Kelsey Grammer’s Chicago ‘Boss’ shut out of Emmy nominations
By Lori Rackl firstname.lastname@example.org July 19, 2012 9:24AM
Updated: August 21, 2012 6:25AM
Kelsey Grammer won a Golden Globe for his mighty turn as Chicago’s ruthless Mayor Tom Kane, but Grammer is nowhere to be found on this year’s Emmy ballot.
Neither is his underrated Starz show, “Boss,” which was shut out of the kudofest.
Other than dissing Grammer, leaving “Community” and “Parks and Recreation” off the best comedy list and showering the HBO movie “Hemingway & Gellhorn” with 15 noms (15 more than it deserved), the Academy of Television Arts & Sciences did a decent job sifting through a fertile field of worthy contenders for the 64th Primetime Emmy Awards. Nominations were announced Thursday.
“Mad Men” deserved its usual bounty of Emmy nods, although I would have liked to have seen one of its 17 shoutouts go to John Slattery, whose slick ad man character Roger Sterling dropped acid — not to mention his pants — this season.
The belle of the ball has to be newcomer Lena Dunham, whose polarizing HBO show, “Girls,” was tapped for best comedy series. That category rightfully ignored perennial nominee “The Office” — and should have followed suit with past-its-prime “30 Rock.”
Dunham, 26, also was lauded in the arenas of best lead actress, directing and writing for her “Sex and the City” 2.0 coming-of-age comedy. Maybe all of this validation will convince Dunham’s self-doubting character that she deserves a guy better than the d-bag played (expertly) by Adam Driver.
“Girls” is the only freshman HBO comedy that deserved a spot on the ballot.

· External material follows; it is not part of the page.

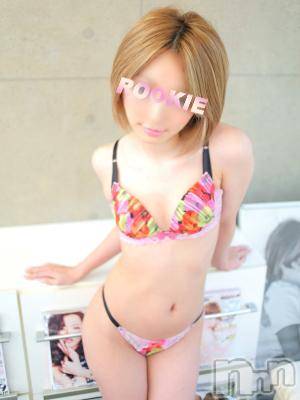 長岡デリヘル(ルーキー)の2013年7月25日お店速報「本日の☆ＲＯＯＫＩＥおススメＧＡＬ情報♪」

But that didn’t stop Julia Louis-Dreyfus’ solid-but-not-stellar political satire, “Veep,” from sneaking in there, too. “Community,” “Parks and Recreation” and ABC’s “Happy Endings” are more worthy.

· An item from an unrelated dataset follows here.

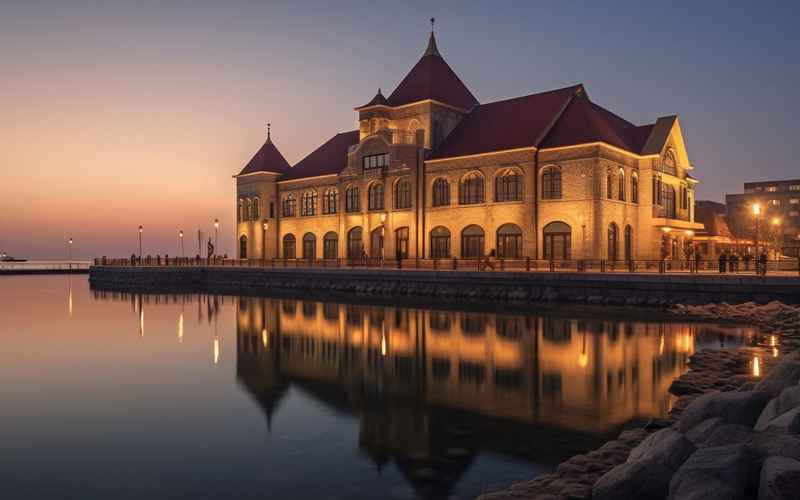 青岛到招远汽车_青岛到招远汽车票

No surprise that Emmy magnet “Modern Family” once again dominated the sitcom kingdom with 14 noms, despite having its weakest season yet.
Don Cheadle (“House of Lies”) as a BS-filled management consultant is a welcome addition to the comedy lead actor pool, where Alec Baldwin (“30 Rock”) has spent so much time his fingertips are pruney. I’m getting tired of seeing Baldwin there, but the academy clearly isn’t.
Showtime’s addictive national security thriller “Homeland” shocked no one by taking its rightful place on the list for best drama, where the biggest upset would have to be the exclusion of CBS’ “The Good Wife” — a move I wholeheartedly endorse.
In yet another sign that cable TV is beating broadcast at its own game, this is the first time that not one show from the major four networks is nominated for outstanding drama series. I can’t quibble with any of the academy’s choices here, all of which come from pay-TV with the exception of PBS’ “Downton Abbey.”
This marks the first time Julian Fellowes’ Brit-based soap will compete as a drama instead of a miniseries. While plenty of folks said “Downton’s” second season paled in comparison to its first (I still loved it), the academy lavished it with 16 bids. I would have rather seen one of the two supporting actor nods for “Downton” (Brendan Coyle and Jim Carter) go to Mandy Patinkin for “Homeland.”
“Homeland’s” Claire Danes certainly earned a spot in the running for lead actress as bipolar CIA agent Carrie Mathison. In my fantasy world, she’d be joined there by “The Killing’s” Mireille Enos, who’s surely deserving for acting like those wool sweaters don’t itch. At least the academy finally realized someone other than Mariska Hargitay deserves a shot.
On the reality show circuit, “Survivor” fatigue may have finally set in. The tribe has spoken, and Jeff Probst, perennial past winner for best reality show host, was sent packing.
Always a bridesmaid and never a bride, “American Idol” didn’t even make the cut as bridesmaid this year. But NBC’s “The Voice” did. Not that it matters, since CBS’ “The Amazing Race” deserves to dominate this category yet again.
The Emmy news that brought the biggest smile to my face: lots of love for “Sherlock.” This wickedly smart PBS program gleaned 13 nods as a “Masterpiece” movie for “Sherlock: A Scandal in Belgravia.” I just might burn something down if “Sherlock” actor Benedict Cumberbatch doesn’t walk away from L.A.’s Nokia Theatre with a gold statuette in his hand Sept. 23.
In that same category, the deliciously twisted “American Horror Story” snagged 17 noms. The FX show about a haunted house from hell no doubt benefitted from its strategy of entering the miniseries/movie category instead of the more competitive race for best drama series. (The rationale is that each season of “American Horror Story” is self-contained and features a fresh cast of characters.)
Muai thai momster Ashley Judd also got nominated in that category for best lead actress, presumably because her implausible ABC show “Missing” got axed early enough to qualify as a miniseries. Sometimes it’s good to be bad.